# Current Setup *Pics*



## Xox-Zip-xoX (Aug 14, 2010)

So, I started my own community tank about a year ago, my dad used to have tanks going when I was younger and always encouraged me to get into the hobby, I had a few setups of my own when I was around 10 years old, both were 10 gallons, one containing a school of Neon Tetra, the other containing Mollys, my stock died off and it was years before I decided to get into fish again, I started back with some betta, and eventually saved up some money and bought an older 35 Gallon tank and started stocking it.

So this is what I have going so far, It's not fully planted yet and theres still a few more things I'd like to do with it, but for now I'm gonna let things be. I apologize for the bad image quality, I'm still trying to figure out the settings on my camera  I also happened to take these pictures just before the tank needed to be cleaned so it's a little dirty looking.

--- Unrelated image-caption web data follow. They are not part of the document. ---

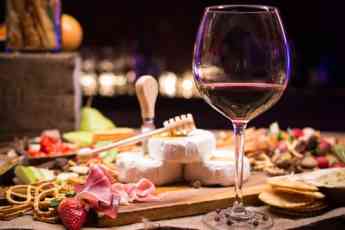 La tienda gourmet Delivinos explica el protocolo del vino en la mesa 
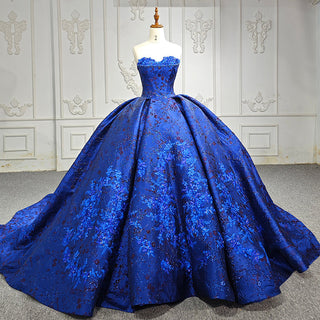 Luxurious Empire: Satin and Lace Quinceañera Dresses for Prom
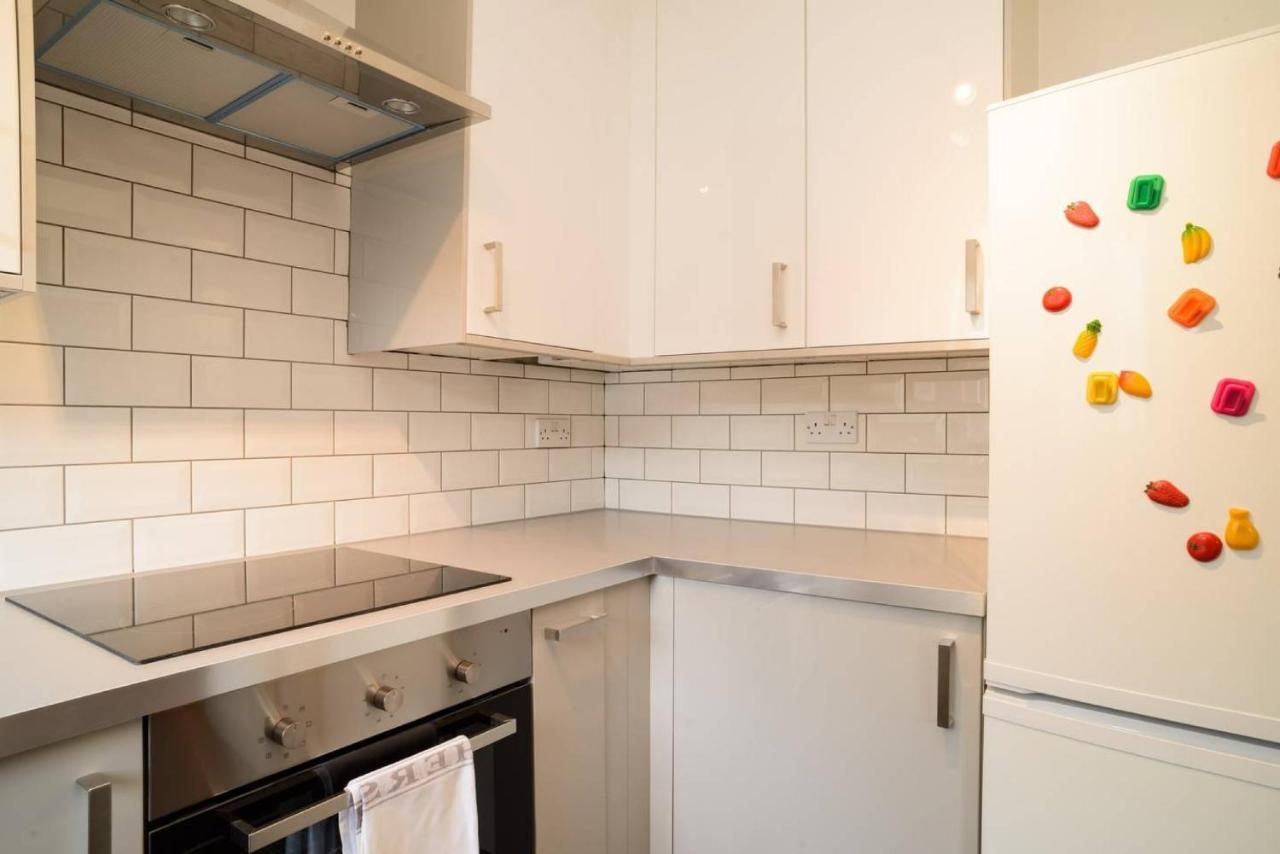 Altido Lovely Apartment For 4 With Free Parking Единбург Екстериор снимка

Currently residing in it are:

Aprox. 11 Guppies
2 Black Mollys and thier Fry
2 Sunburst Wag Platys
1 Algae Eater named Skittles
4 Neon Tetra

Unfortunatly I could only get 4 Neon Tetra during my last visit to town, when I was younger you could buy Tetra in schools, now they charge you for each Tetra, and the price is insane. The stores in my area charge $3.50 per Tetra, luckily I was able to find this awesome little store in the next town over from mine that sold them for signifigantly less, so I just had to snatch up a few, so I took the four youngest healthiest looking ones they had. They were very pale at the store, the red band they typically had was almost none existant on them when I saw them in the store and they immediatly brightened up as soon as I released them into my setup, which was a nice confidence booster 

I'm also considering getting some swords if I happen to find any good looking ones, unfortunatly it's really hard to find nice solid color fish in my area anymore, I'd love to find some nice solid reds so if I do I might grab a pair of them too.


----------



## snyderguy (Feb 9, 2010)

Ya, tetras can be quite expensive. I remember when they used to sell them for 99 cents each. Sometimes petsmart will have sales that have tetras on sale for that from time to time. Keep an eye out :]


----------



## Xox-Zip-xoX (Aug 14, 2010)

Ya, I've kept my eyes out for sales but I haven't had any luck so far. There is a store near me that sells them for $1.35, but they never have any in stock lol


----------



## snyderguy (Feb 9, 2010)

Hah, maybe you could breed the ones you have now?


----------



## Xox-Zip-xoX (Aug 14, 2010)

Ahha, Oh I would love that  but I have no clue how to go about doing it, I'm also not a big fan of stressing my fish by moving them to different tanks


----------



## Revolution1221 (Apr 20, 2010)

snyderguy said:


> Ya, tetras can be quite expensive. I remember when they used to sell them for 99 cents each. Sometimes petsmart will have sales that have tetras on sale for that from time to time. Keep an eye out :]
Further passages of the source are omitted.